Tom Metcalf

Personal information
- Full name: Thomas Clark Metcalf
- Date of birth: October qtr. 1878
- Place of birth: Burton upon Trent, England
- Date of death: May 1938 (aged 59)
- Place of death: Burton upon Trent, England
- Position: Left-half

Senior career*
- Years: Team / Apps / (Gls)
- 1903–1904: Burton United / 0 / (0)
- 1904–1906: Southampton / 1 / (0)
- 1906–1908: Salisbury City
- 1908–1909: Wolverhampton Wanderers / 9 / (0)

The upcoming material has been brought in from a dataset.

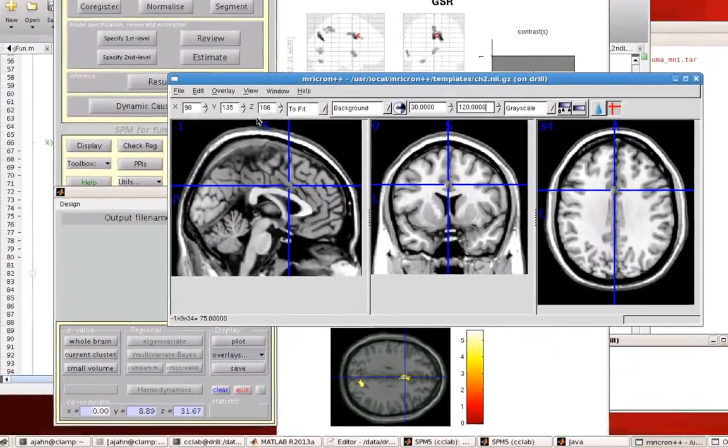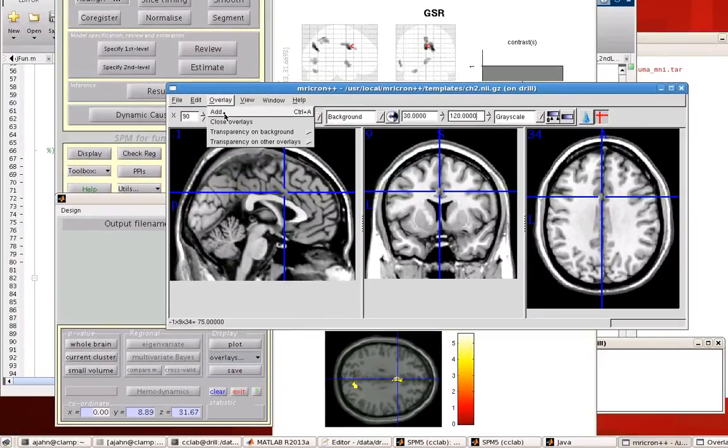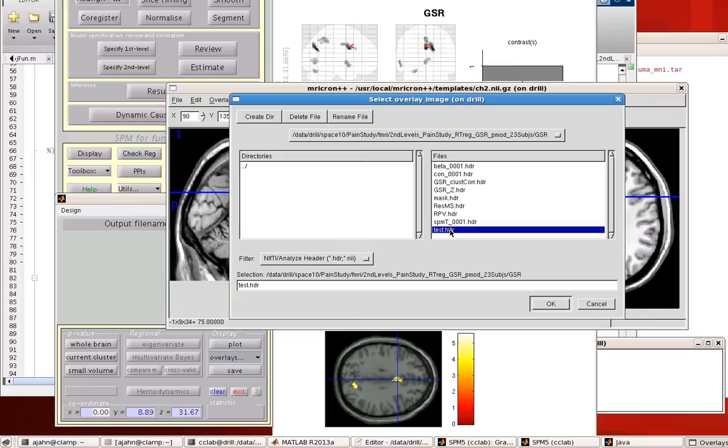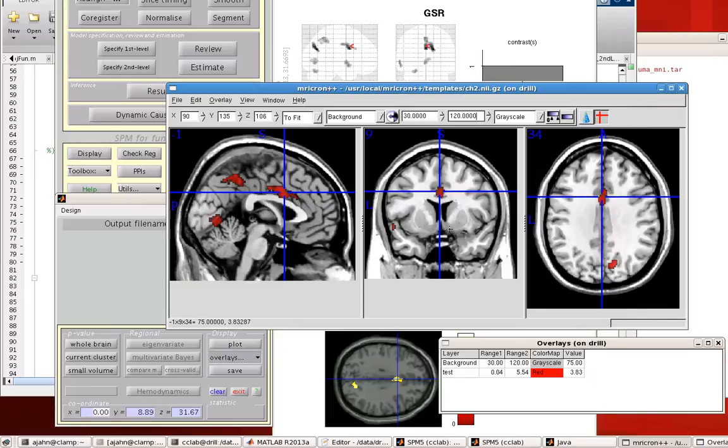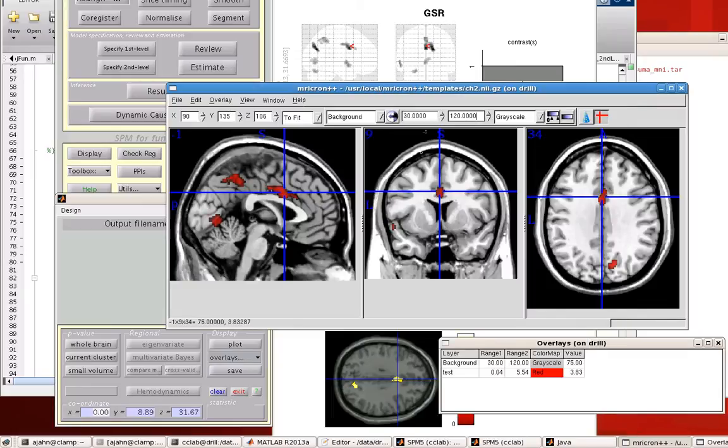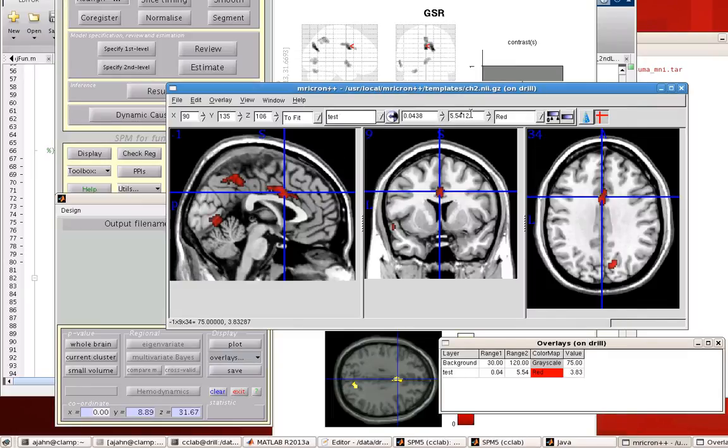You can then use something like MRI-Cron. Go to overlay, add, and then load that. So now what you see here, and we can modulate how bright it is right here. But now it's been imported, and you could use this to make another figure in MRI-Cron.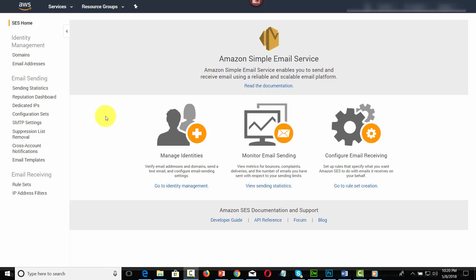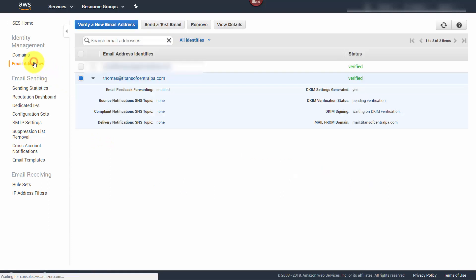Now although we already have our DKIM set up through our domain verification process, we're going to go to our email address and set up our notifications. This is the second part of the process, and we're going to go into our email addresses.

= Tom Metcalf (footballer) =

English footballer

Thomas Clark Metcalf (1878 – May 1938) was an English professional footballer who played as a half-back for Southampton and Wolverhampton Wanderers in the 1900s.

==Football career==
Metcalf was born in Burton upon Trent and started his football career with Burton United, then playing in the Football League Second Division, in January 1903. He failed to break into the first team, and in March 1904 he moved to the south coast to join Southern League champions, Southampton.

Most of his time with the "Saints" was spent in the reserves who he helped win the Hampshire Senior Cup in 1905. His first-team debut came on 23 September 1905 when he took the place of Samuel Meston at left-half, with Meston moving to the right in the absence of Bert Lee, for the Southern League match at Northampton Town, won 2–1. With Meston and England international Bert Houlker vying for the left-half berth, there were no further first-team opportunities for Metcalf and in the 1906 close season he joined Salisbury City, who had just joined the Second Division of the Southern League.

In February 1908, Metcalf returned to the Football League to join Wolverhampton Wanderers for whom he played nine league matches before retiring in 1909.

==Later career==
Following his retirement from football, Metcalf returned to Burton upon Trent where he was employed by the Allsopp brewery.